DATASET ENTRIES:

======

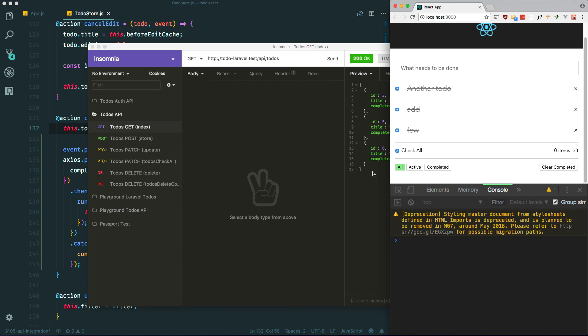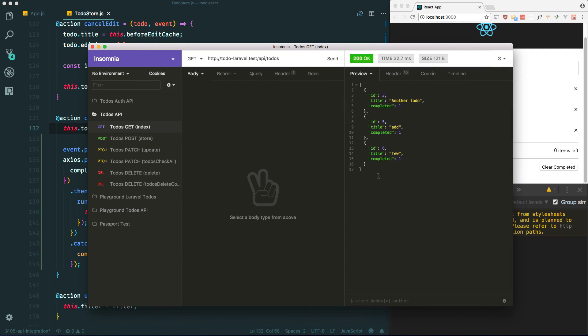So there you have it — we've managed to integrate the same Laravel API we built in our Vue series into our React application. Please like, comment, and subscribe if you haven't already. Thanks for watching, see you in the next one.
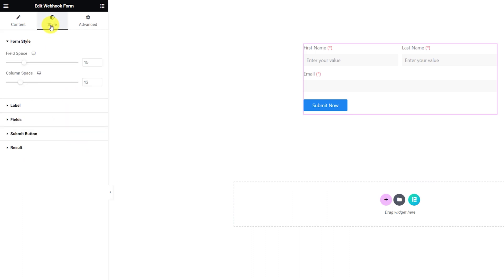Now, you can jump into the style tab to customize the appearance of the webhook form to your liking. Here, the first section lets you customize the field space and column space of the form.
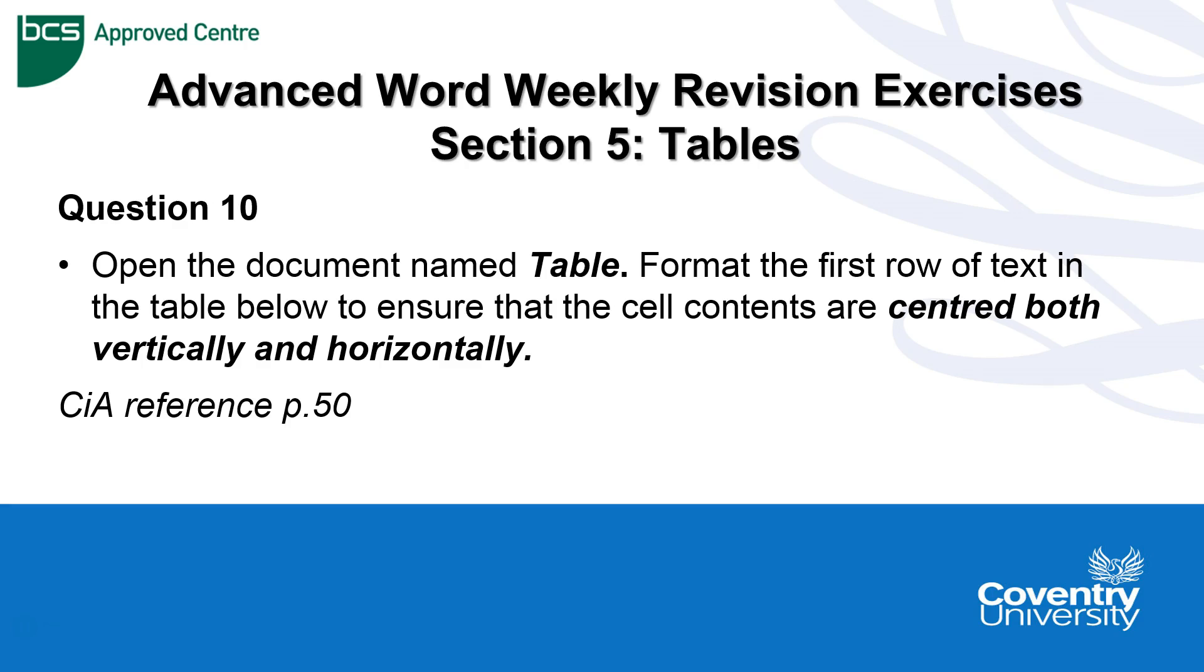So if we look at question 10, it is asking us to open the document named table, format the first row of text in the table below to ensure that the cell contents are centred both vertically and horizontally. In other words, in the centre of the cell. If you need any further help with this, you can refer to page 50 of the CIA manual.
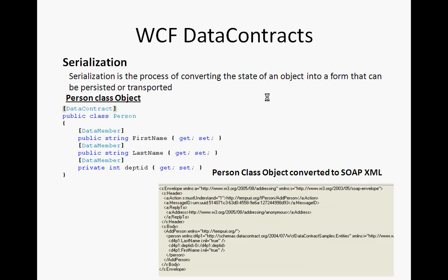As you know, WCF request and response goes with a SOAP-based format. Most of the time it is a SOAP-based XML format. So if you are sending a request, the request should go with the SOAP-based XML format. Even if you are getting a response, your response is in SOAP-based XML format.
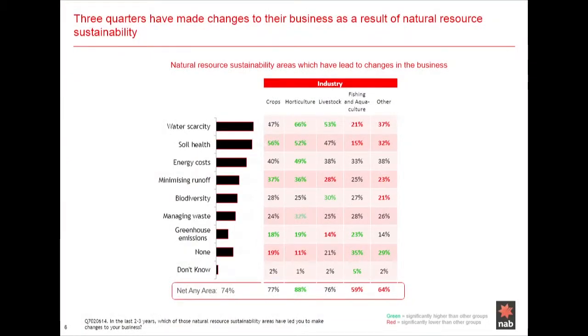74% of our customers surveyed had already made changes to their businesses as a result of natural resource sustainability constraints in the last two to three years. Fruit and vegetable growers were most likely to have made changes at around 88%, focusing on water scarcity at 66%, soil health at 52%, reducing energy costs at 49%, minimizing runoff at 36%, and managing waste at 32%. Additionally, 77% of crop growers and 76% of livestock producers had also made natural capital improvements. Intentions to make further changes are highest among those already making changes and businesses in a growth phase.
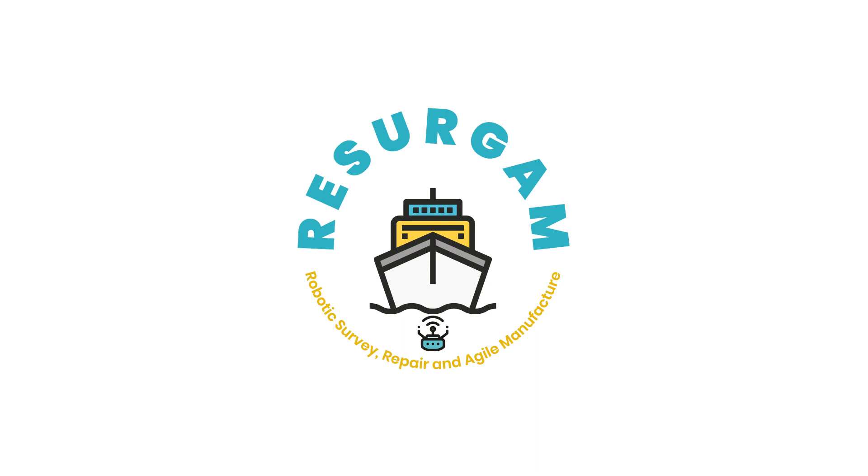Hello, and welcome to a RESURGAM video on friction stir welding testing, following our previous one on the same topic. Enjoy!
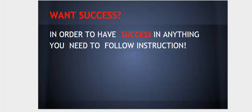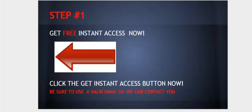So let's get yourself started. Step one, get free instant access now. Click the get instant access button. Be sure to put a valid email in there so we can contact you.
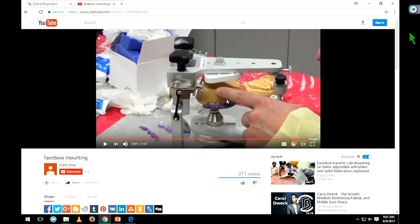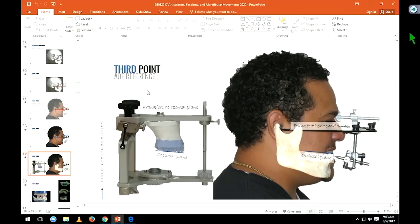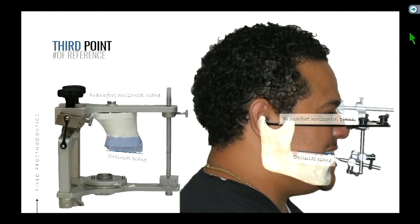Once the maxillary cast is indexed into the bite fork and mounted with plaster, this setup mimics what the patient has. The purpose of a face bow measurement is to orient the patient's maxillary casts relative to the hinge axis. So all the movements the patient makes — opening, protrusion, lateral — will be very similar to what the patient actually does, because the cast is mounted in the correct spatial relationship.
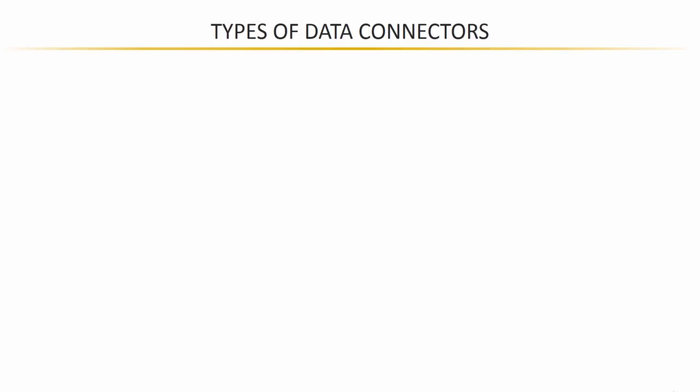Let's kick things off and talk about data connectors because Power BI has a really robust connector library that allows you to access data from virtually anywhere.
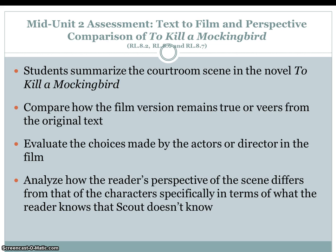Mid-unit two assessment is text to film and perspective comparison of To Kill a Mockingbird. Students will summarize the courtroom scene in the novel, compare how the film version remains true or veers from the original text, evaluate the choices made by the actors or director in the film, and analyze how the reader's perspective of the scene differs from that of the character — specifically in terms of what the reader knows that Scout doesn't know.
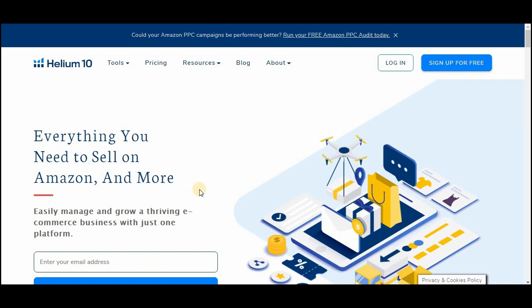Hi guys, how are you all? I hope you all are fine and well. I am Zain Ahmad back again with a new video. In this video, I am going to explain why Helium 10 is the best tool for Amazon FBA product research.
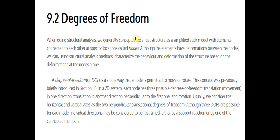A degree of freedom is a single way that a knot is permitted to move or rotate. As previously verified in the diagram in a 2D system, each knot has three possible degrees of freedom. The first is translation in one direction, the second is translation in the perpendicular direction, and the third is rotation.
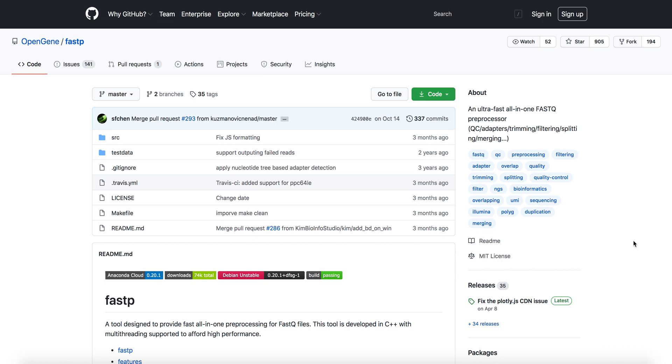Welcome back. Today we're going to talk about FASTP, an ultra-fast all-in-one FASTQ preprocessor. You can use this for RNA-seq experiments, DNA-seq, or anything else that involves a FASTQ file.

======

AIM OF THE EXERCISE:
Return the whole listing word for word. Pictures stay out of it.

ANSWER TO THE PROBLEM:
So there you have it — we've managed to integrate the same Laravel API we built in our Vue series into our React application. Please like, comment, and subscribe if you haven't already. Thanks for watching, see you in the next one.
Now, you can jump into the style tab to customize the appearance of the webhook form to your liking. Here, the first section lets you customize the field space and column space of the form.
So if we look at question 10, it is asking us to open the document named table, format the first row of text in the table below to ensure that the cell contents are centred both vertically and horizontally. In other words, in the centre of the cell. If you need any further help with this, you can refer to page 50 of the CIA manual.
As you know, WCF request and response goes with a SOAP-based format. Most of the time it is a SOAP-based XML format. So if you are sending a request, the request should go with the SOAP-based XML format. Even if you are getting a response, your response is in SOAP-based XML format.
74% of our customers surveyed had already made changes to their businesses as a result of natural resource sustainability constraints in the last two to three years. Fruit and vegetable growers were most likely to have made changes at around 88%, focusing on water scarcity at 66%, soil health at 52%, reducing energy costs at 49%, minimizing runoff at 36%, and managing waste at 32%. Additionally, 77% of crop growers and 76% of livestock producers had also made natural capital improvements. Intentions to make further changes are highest among those already making changes and businesses in a growth phase.
Hello, and welcome to a RESURGAM video on friction stir welding testing, following our previous one on the same topic. Enjoy!
So let's get yourself started. Step one, get free instant access now. Click the get instant access button. Be sure to put a valid email in there so we can contact you.
Once the maxillary cast is indexed into the bite fork and mounted with plaster, this setup mimics what the patient has. The purpose of a face bow measurement is to orient the patient's maxillary casts relative to the hinge axis. So all the movements the patient makes — opening, protrusion, lateral — will be very similar to what the patient actually does, because the cast is mounted in the correct spatial relationship.
Let's kick things off and talk about data connectors because Power BI has a really robust connector library that allows you to access data from virtually anywhere.
Mid-unit two assessment is text to film and perspective comparison of To Kill a Mockingbird. Students will summarize the courtroom scene in the novel, compare how the film version remains true or veers from the original text, evaluate the choices made by the actors or director in the film, and analyze how the reader's perspective of the scene differs from that of the character — specifically in terms of what the reader knows that Scout doesn't know.
Hi guys, how are you all? I hope you all are fine and well. I am Zain Ahmad back again with a new video. In this video, I am going to explain why Helium 10 is the best tool for Amazon FBA product research.
A degree of freedom is a single way that a knot is permitted to move or rotate. As previously verified in the diagram in a 2D system, each knot has three possible degrees of freedom. The first is translation in one direction, the second is translation in the perpendicular direction, and the third is rotation.
Welcome back. Today we're going to talk about FASTP, an ultra-fast all-in-one FASTQ preprocessor. You can use this for RNA-seq experiments, DNA-seq, or anything else that involves a FASTQ file.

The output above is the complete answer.